— YOUR ASSIGNMENT —
Below is a block of entries; repeat all of it exactly but omit the pictures.
>>>
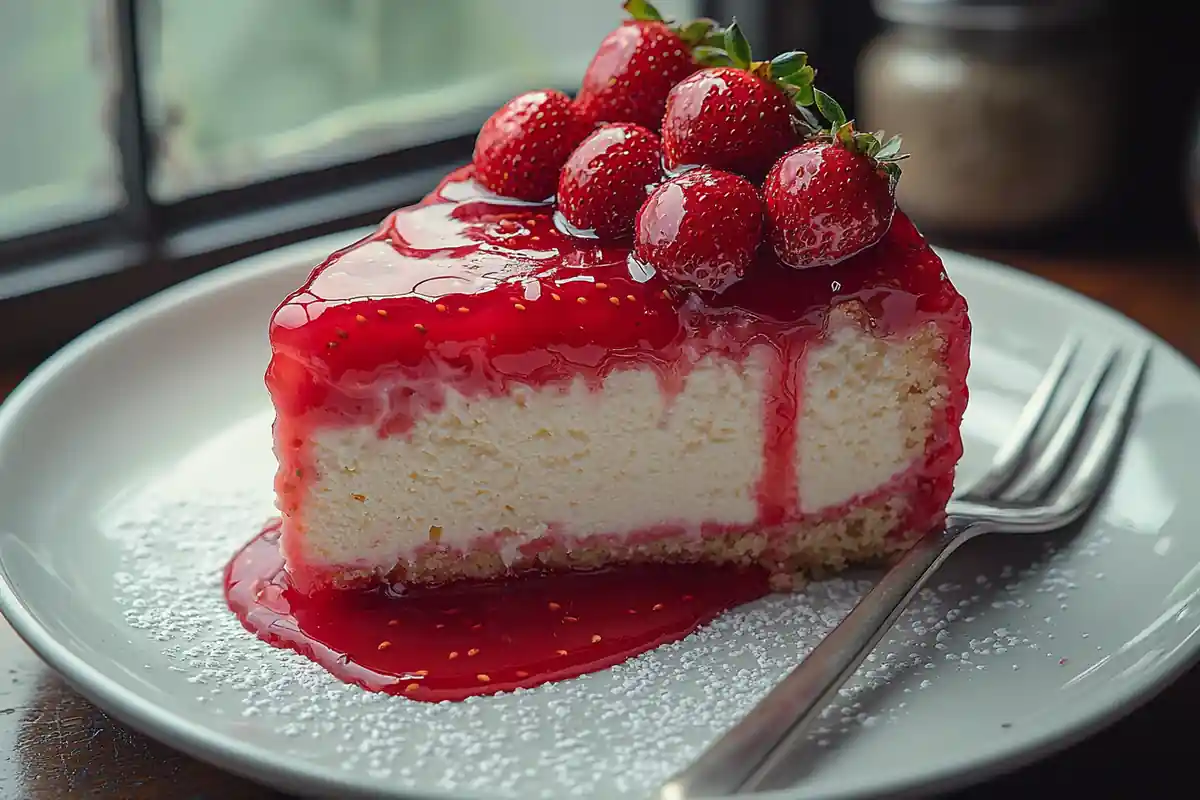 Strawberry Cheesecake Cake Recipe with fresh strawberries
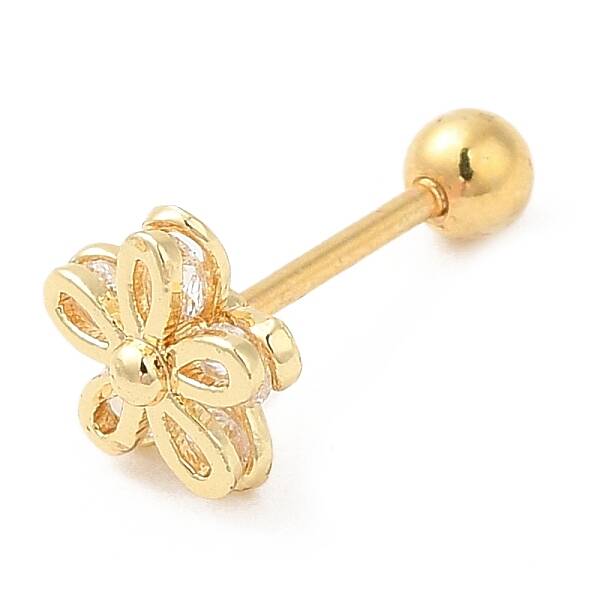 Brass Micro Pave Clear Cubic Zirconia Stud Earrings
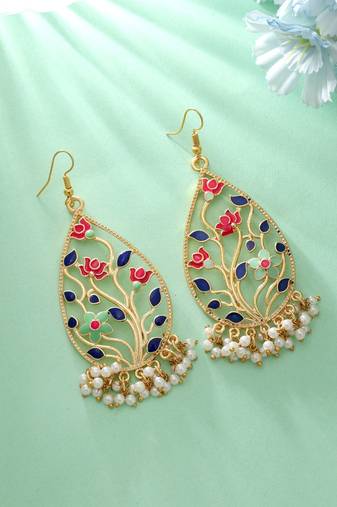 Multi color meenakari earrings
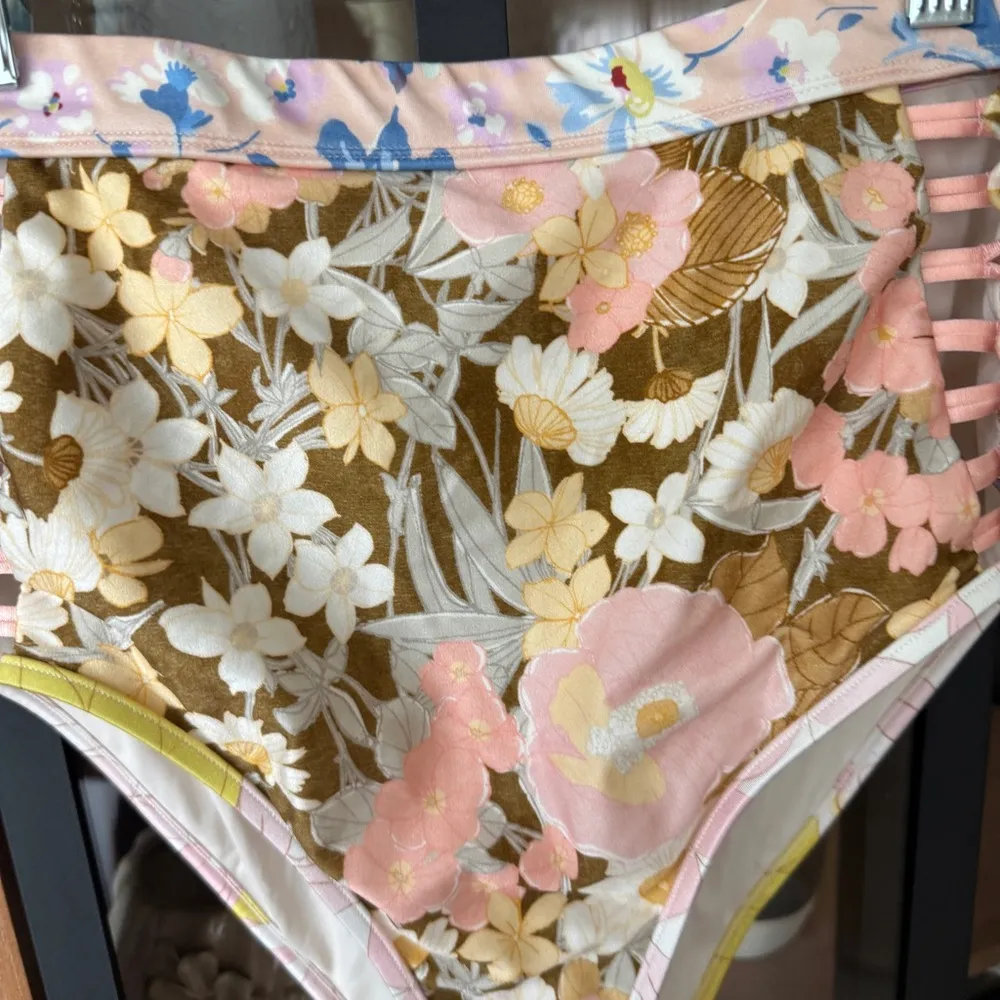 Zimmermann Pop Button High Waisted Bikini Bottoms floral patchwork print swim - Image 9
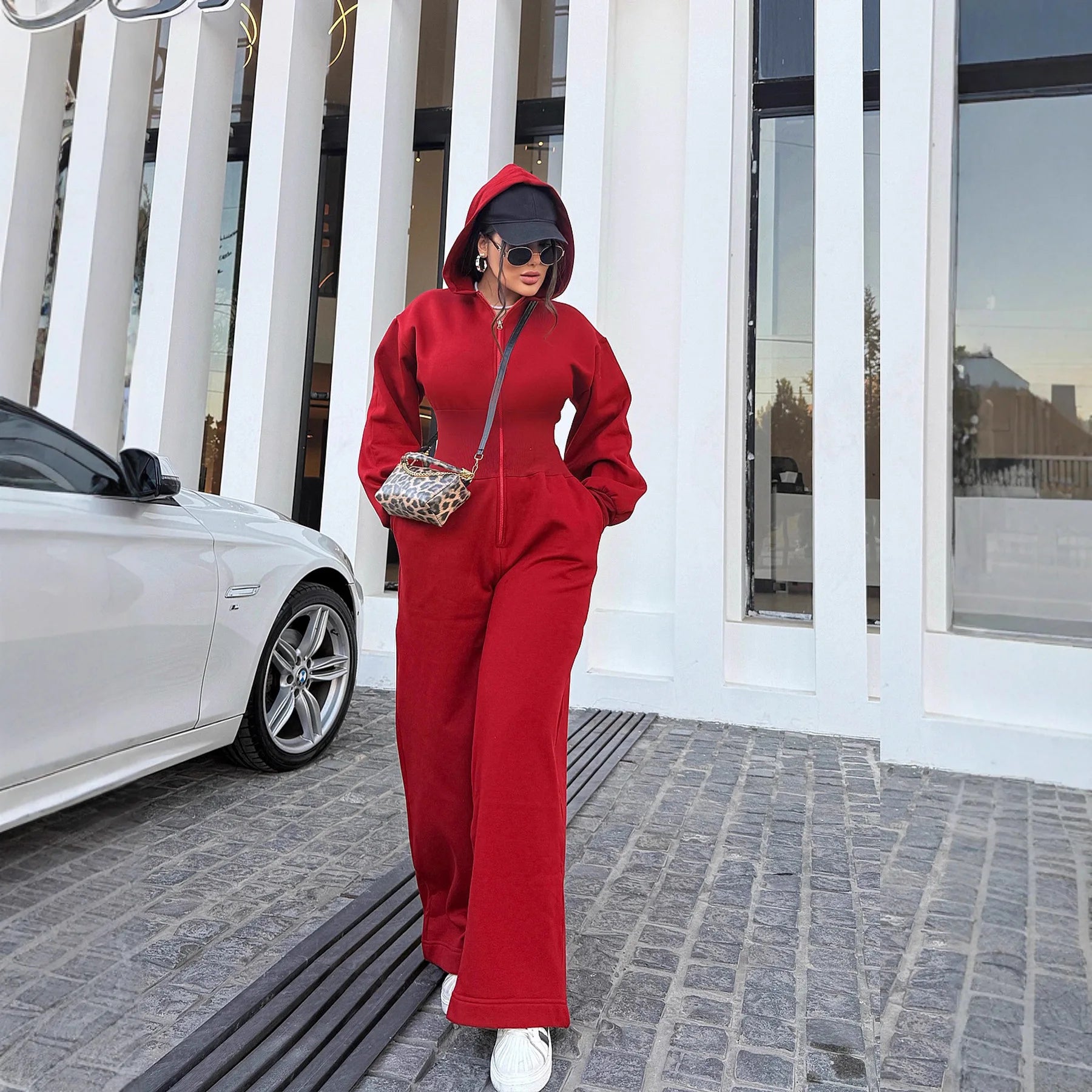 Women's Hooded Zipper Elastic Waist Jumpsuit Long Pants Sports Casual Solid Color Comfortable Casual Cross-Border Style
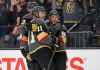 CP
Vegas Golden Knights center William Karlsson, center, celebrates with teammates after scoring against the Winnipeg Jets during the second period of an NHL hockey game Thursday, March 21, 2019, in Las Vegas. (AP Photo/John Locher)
<<<
— RESPONSE TO THIS TASK —
 Strawberry Cheesecake Cake Recipe with fresh strawberries
 Brass Micro Pave Clear Cubic Zirconia Stud Earrings
 Multi color meenakari earrings
 Zimmermann Pop Button High Waisted Bikini Bottoms floral patchwork print swim - Image 9
 Women's Hooded Zipper Elastic Waist Jumpsuit Long Pants Sports Casual Solid Color Comfortable Casual Cross-Border Style
 CP
Vegas Golden Knights center William Karlsson, center, celebrates with teammates after scoring against the Winnipeg Jets during the second period of an NHL hockey game Thursday, March 21, 2019, in Las Vegas. (AP Photo/John Locher)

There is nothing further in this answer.